I'm sure there should be a nice, numerically stable, matrix-based method to find a suitable $\textbf{i}$ and $\textbf{j}$ basis within the plane. My question is: what might this matrix method be (in terms of my plane equation), and could you explain why it works?
Thanks,
Eric
 A: Your original approach is fine, except for one small improvement: instead of choosing $\textbf{i}$ by default to obtain the first basis vector, you should choose the one of $\{\textbf{i}, \textbf{j}, \textbf{k}\}$ whose angle with $\textbf{n}$ is closest to 90°. This will be the one whose dot product with $\textbf{n}=(n_1, n_2, n_3)$ is smallest (by absolute value). Since $\textbf{i}\cdot \textbf{n} = n_1$ etc., simply choose the one that corresponds to the smallest $|n_i|$ (e.g. choose $\textbf{j}$ if $|n_2|$ is smallest). This guarantees a minimum angle (ca. 54°) between the two vectors and is therefore numerically robust.
A: As we discussed in the comments we can set $D=0$ for the time being, then the plane is not longer affine but a honest to god subspace of $\mathbb R^3$. There we can find two vectors which span this subspace. You want this basis to look nice (orthonormal) but the trick is that Gram-Schmidt allows us to deal with this later. 
First we just have to find any two vectors which span then plane $Ax+By+Cz=0$. In other words we just need two linearly independent solutions of this equation. Assume wlog $A\neq 0$ (rearrange if necessary), then two solutions would be for example $(B/A,-1, 0)$ and $(C/A,0,-1)$. These two vectors span the plane. Then you can just apply Gram-Schmidt to these vectors to get a orthonormal basis. 
It seems that you are looking for a way to implement this quickly. I am no expert on this but I know for sure that many languages have ready to use packages for Gram-Schmidt.
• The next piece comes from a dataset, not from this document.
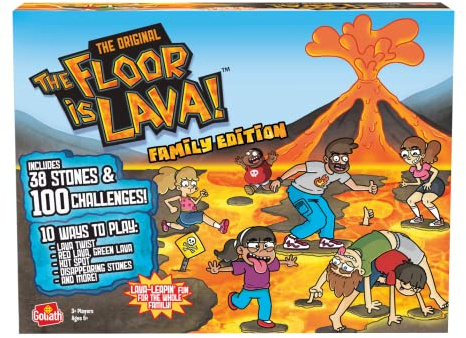 Goliath Games Der Boden ist Lava: Familienausgabe, Familienspiele, für 3+ Spieler, ab 5 Jahren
Edit: Maybe Gram-Schmidt is a really big word for such a low dimensional case. In fact what you do is the following. Call our vectors $b_1$ and $b_2$, then compute $b_1'=\frac {b_1}{|b_1|}$, i.e. make it into a length one vector. Then compute $b_2'=b_2-\left< b_1',b_2\right>b_1'$, this vector is now orthogonal to $b_1'$ and finally take $b_2''=\frac{b_2'}{|b_2'|}$. The vectors $b_1'$ and $b_2''$ are now an orthonormal basis.